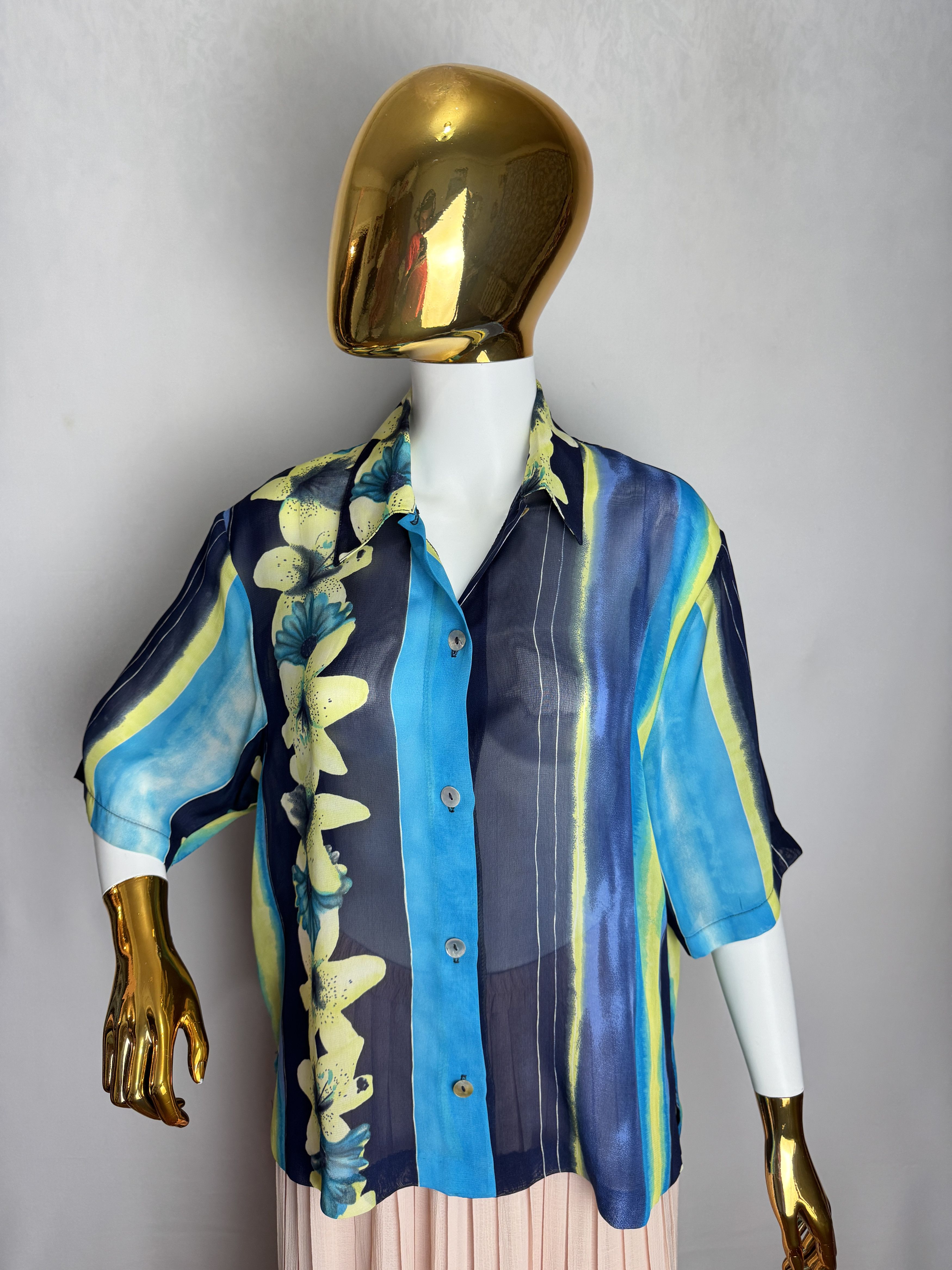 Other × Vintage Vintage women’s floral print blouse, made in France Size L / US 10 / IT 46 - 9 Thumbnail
※ ※ ※
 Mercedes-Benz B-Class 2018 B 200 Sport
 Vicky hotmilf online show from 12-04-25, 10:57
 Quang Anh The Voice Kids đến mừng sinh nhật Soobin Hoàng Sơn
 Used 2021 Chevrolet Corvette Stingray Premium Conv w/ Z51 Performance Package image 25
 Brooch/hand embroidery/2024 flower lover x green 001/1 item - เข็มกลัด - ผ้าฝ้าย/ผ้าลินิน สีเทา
※ ※ ※
All lines above between those holding "Vicky hotmilf online" and "Brooch/hand embroidery/2024 flower", inclusive, must be set down unchanged, and no other line may be included.

 Vicky hotmilf online show from 12-04-25, 10:57
 Quang Anh The Voice Kids đến mừng sinh nhật Soobin Hoàng Sơn
 Used 2021 Chevrolet Corvette Stingray Premium Conv w/ Z51 Performance Package image 25
 Brooch/hand embroidery/2024 flower lover x green 001/1 item - เข็มกลัด - ผ้าฝ้าย/ผ้าลินิน สีเทา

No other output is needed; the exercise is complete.